RECORDS PROVIDED:
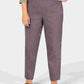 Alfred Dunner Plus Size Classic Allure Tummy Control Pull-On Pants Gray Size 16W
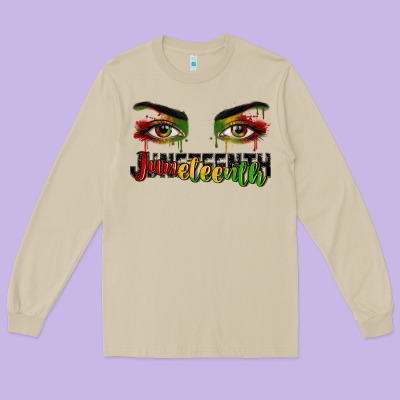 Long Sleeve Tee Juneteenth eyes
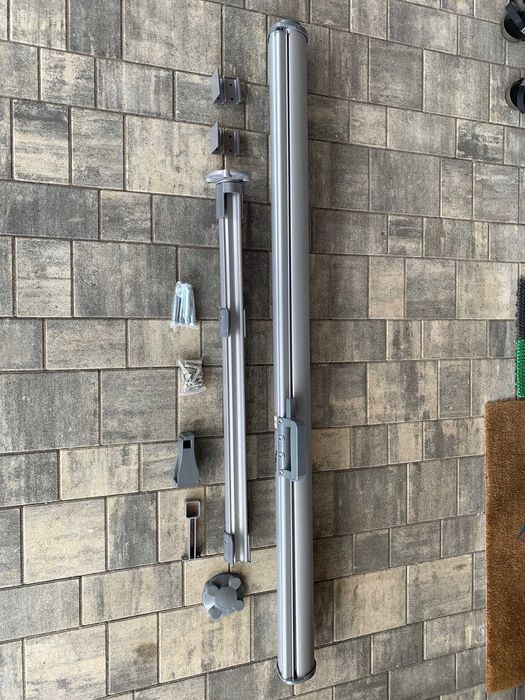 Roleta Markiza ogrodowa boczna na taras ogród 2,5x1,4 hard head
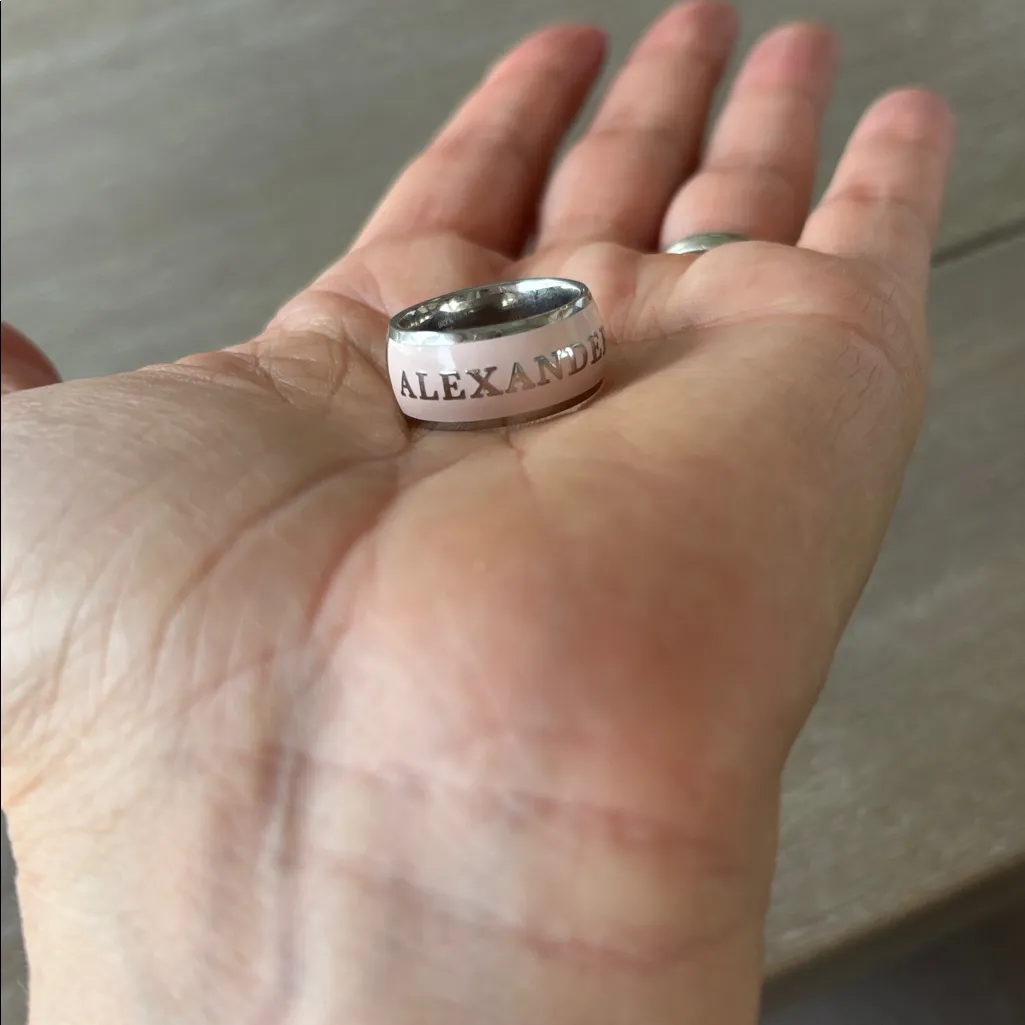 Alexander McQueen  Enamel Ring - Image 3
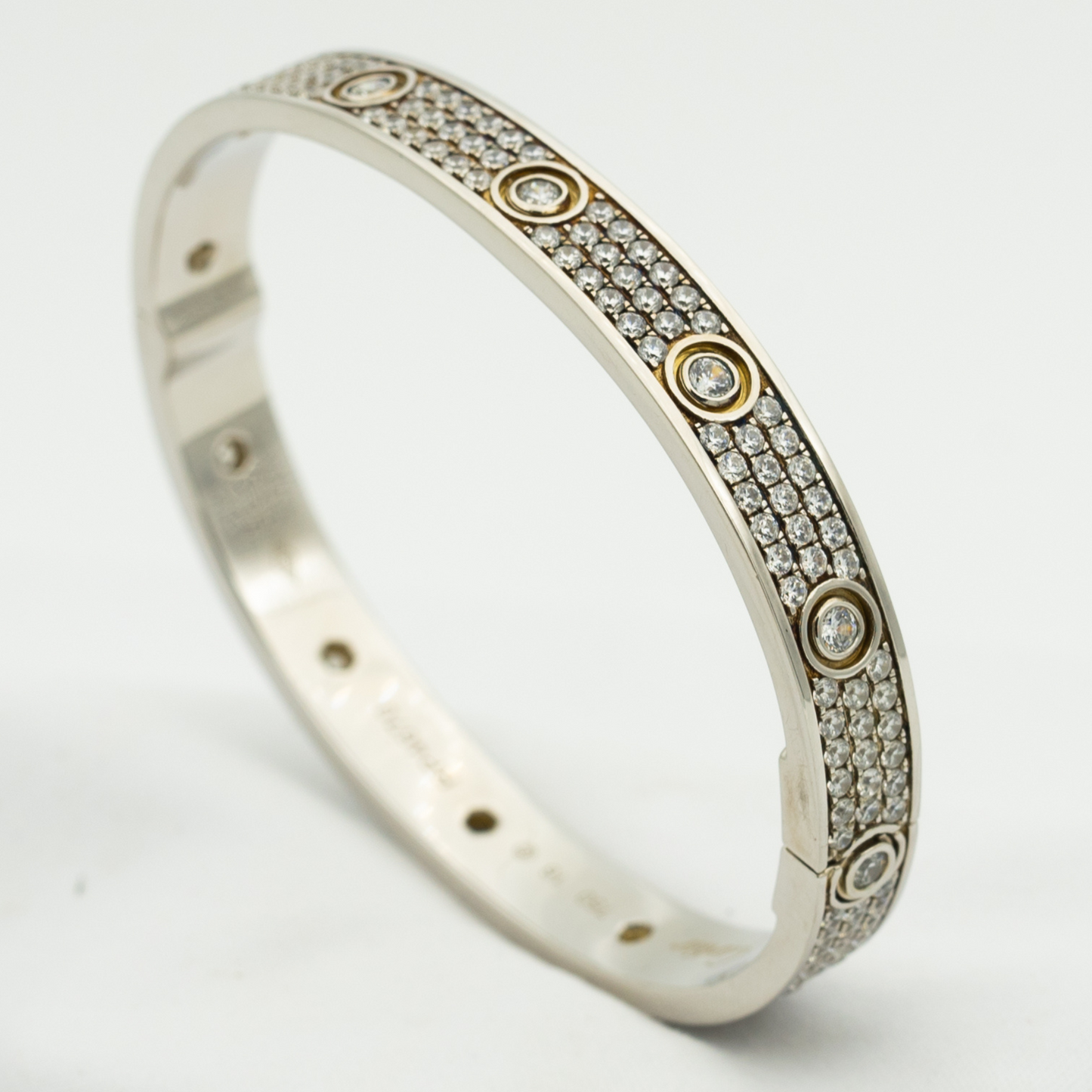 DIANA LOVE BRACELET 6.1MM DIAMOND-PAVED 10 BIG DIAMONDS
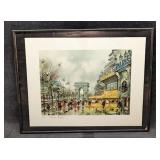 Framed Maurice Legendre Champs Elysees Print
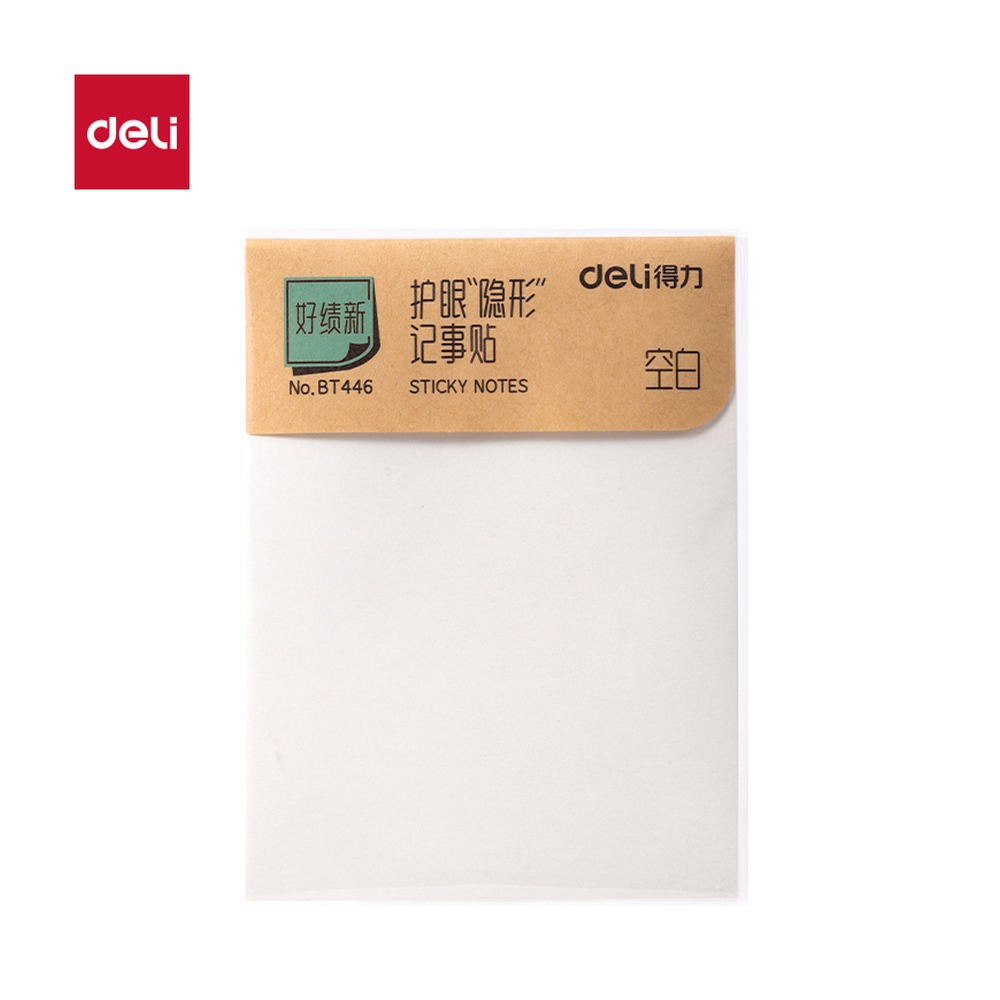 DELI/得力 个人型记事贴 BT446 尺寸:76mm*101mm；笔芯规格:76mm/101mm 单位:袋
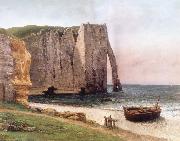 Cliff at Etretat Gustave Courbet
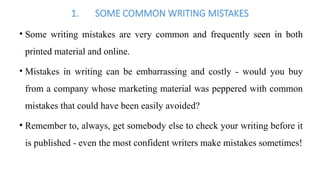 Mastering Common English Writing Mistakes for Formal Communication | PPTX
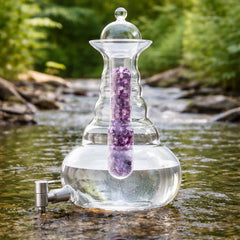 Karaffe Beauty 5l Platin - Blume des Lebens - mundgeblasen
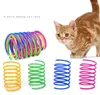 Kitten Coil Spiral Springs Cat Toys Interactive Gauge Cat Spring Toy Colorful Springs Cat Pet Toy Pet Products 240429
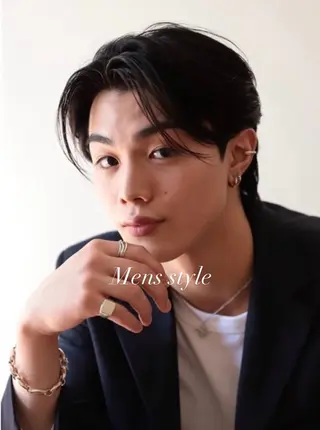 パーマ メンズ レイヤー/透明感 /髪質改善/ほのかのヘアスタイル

DIRECTIONS: Word for word, repeat the data above with the pictures left out.

EXPECTED ANSWER:
 Alfred Dunner Plus Size Classic Allure Tummy Control Pull-On Pants Gray Size 16W
 Long Sleeve Tee Juneteenth eyes
 Roleta Markiza ogrodowa boczna na taras ogród 2,5x1,4 hard head
 Alexander McQueen  Enamel Ring - Image 3
 DIANA LOVE BRACELET 6.1MM DIAMOND-PAVED 10 BIG DIAMONDS
 Framed Maurice Legendre Champs Elysees Print
 DELI/得力 个人型记事贴 BT446 尺寸:76mm*101mm；笔芯规格:76mm/101mm 单位:袋
 Cliff at Etretat Gustave Courbet
 Mastering Common English Writing Mistakes for Formal Communication | PPTX
 Karaffe Beauty 5l Platin - Blume des Lebens - mundgeblasen
 Kitten Coil Spiral Springs Cat Toys Interactive Gauge Cat Spring Toy Colorful Springs Cat Pet Toy Pet Products 240429
 パーマ メンズ レイヤー/透明感 /髪質改善/ほのかのヘアスタイル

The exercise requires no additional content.